Private sector HCWs are encouraged to assist in vaccination, testing, examination, treatment, quarantine, and isolation programs. The Act allows public health authorities to condition future licensing status of in-state HCWs on their providing assistance (where possible), and to waive licensing requirements for out-of-state HCWs who are willing to help. Thus, the Act does not compel any private HCW to participate in public health measures during an emergency.

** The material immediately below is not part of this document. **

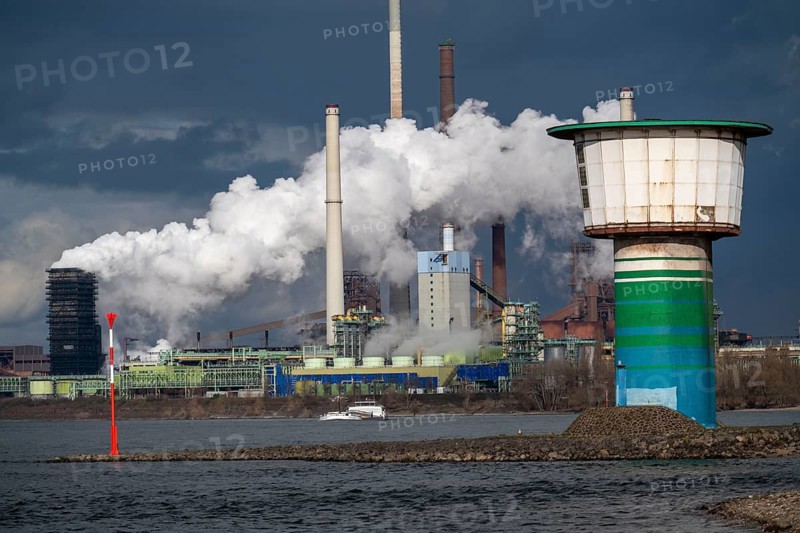 Rhine at Duisburg Bruckhausen, Marxloh, Thyssenkrupp Steel steelworks, blast furnaces, sintering plant, discharge plume of the Schwelgern coking plant, well tower of the Walsum waterworks, Duisburg, North Rhine-Westphalia, Germany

It does provide some strong incentives to encourage participation because of the critical role of private sector HCWs during a public health emergency.

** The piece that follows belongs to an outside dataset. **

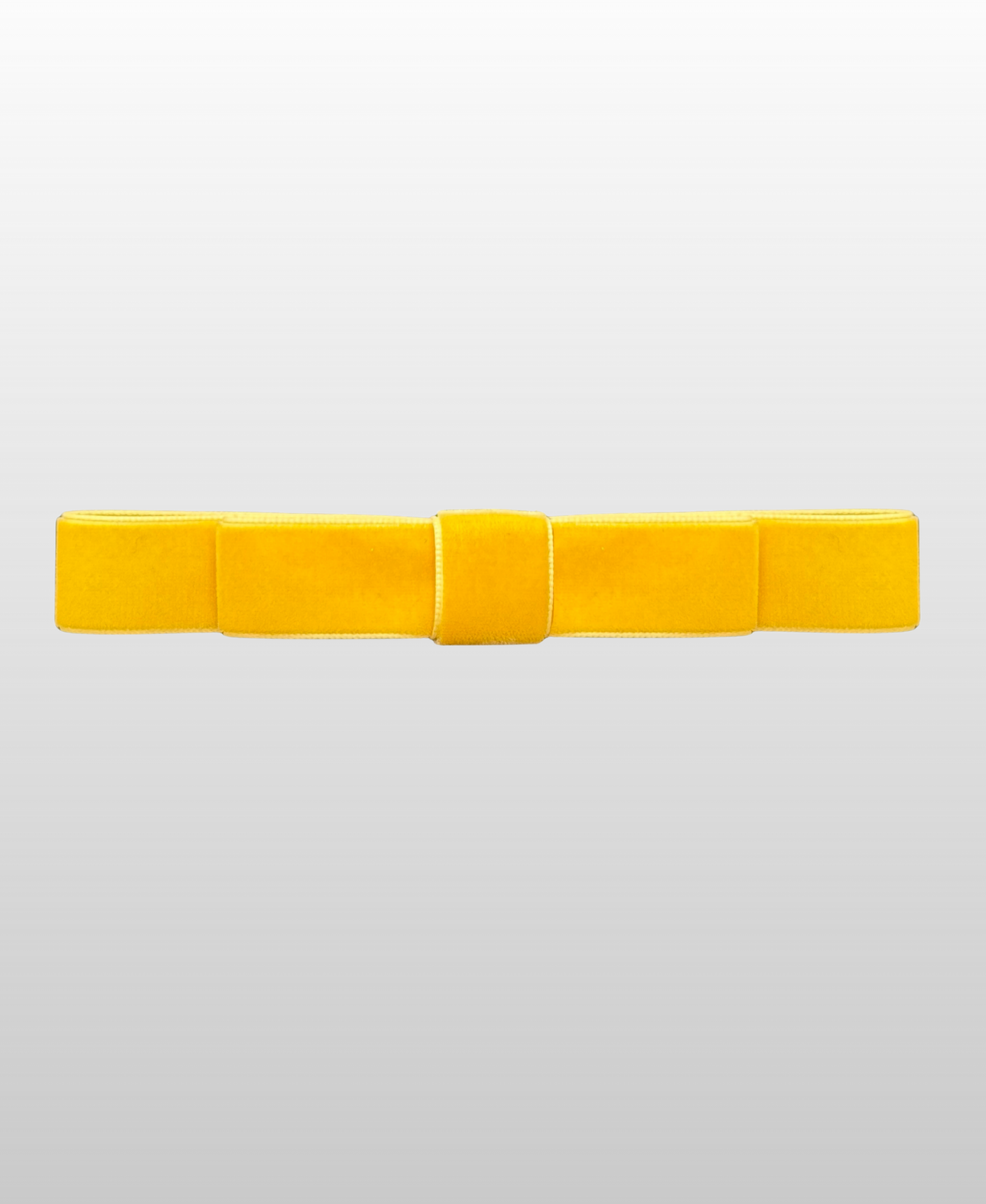 Confectionné en velours jaune, nœud minimaliste, délicatement formé.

Health Information Privacy. In the events leading to or during a public health emergency, MSEHPA envisions the need for a wide variety of federal, state, and local actors in the public and private sectors to share information that may relate to an individual's health status. Private sector HCWs may need to report identifiable health data to local public health authorities who may need to share this data with state and federal authorities to respond to a potential threat. Although there is a strong need to share such data for public health purposes, MSEHPA respects the privacy interests of individuals concerning their health data. The Act (1) limits the amount of information that may be conveyed to that which is necessary to respond to the public health emergency; (2) limits access to such data during an emergency to those persons having a legitimate need to acquire or use the information to provide treatment, conduct epidemiologic research, or investigate the causes of transmission; and (3) prohibits most disclosures outside the public health context. Additional privacy protections from the Model State Public Health Privacy Act of 1999 [by Lawrence O. Gostin and James G. Hodge, Jr] supplement MSEHPA, and are largely replicated in the comprehensive Model State Public Health Act.Conclusion

Preparing for and preventing public health threats like SARS in the United States requires a strong national public health infrastructure. Federal, state, tribal, and local public health authorities must collaborate with public and private sector partners in preparedness planning and emergency responses. Working to improve public health detection, prevention, and response capabilities requires effective training, additional resources, use of existing and new technologies, and public health law reform. Inadequacies in existing state public health laws can fail to authorize, or may even thwart, effective public health action. Law reform is needed to improve public health planning, detection, and response capabilities.

MSEHPA (and the forthcoming comprehensive model public health law) present a modern statutory framework of public health powers that allows public health authorities to better plan, detect, manage, and control public health emergencies. The provisions of the Act are balanced against the need to safeguard individual rights and property interests. Reaching this balance is not easy. Tradeoffs and compromise are inevitable. Legal reform may not be a panacea for the unforeseeable conflicts between individual and community interests that may arise from emerging threats like SARS. There continue to be sharp debates about the extent to which the state should restrict individual rights to safeguard the public's health and safety. Finding an acceptable balance that allows government to fulfill its duty to protect the public's health while respecting individual rights is a worthy goal. Ultimately at stake is the health of each individual, protected through a public health system that relies upon each person's contribution to the larger whole.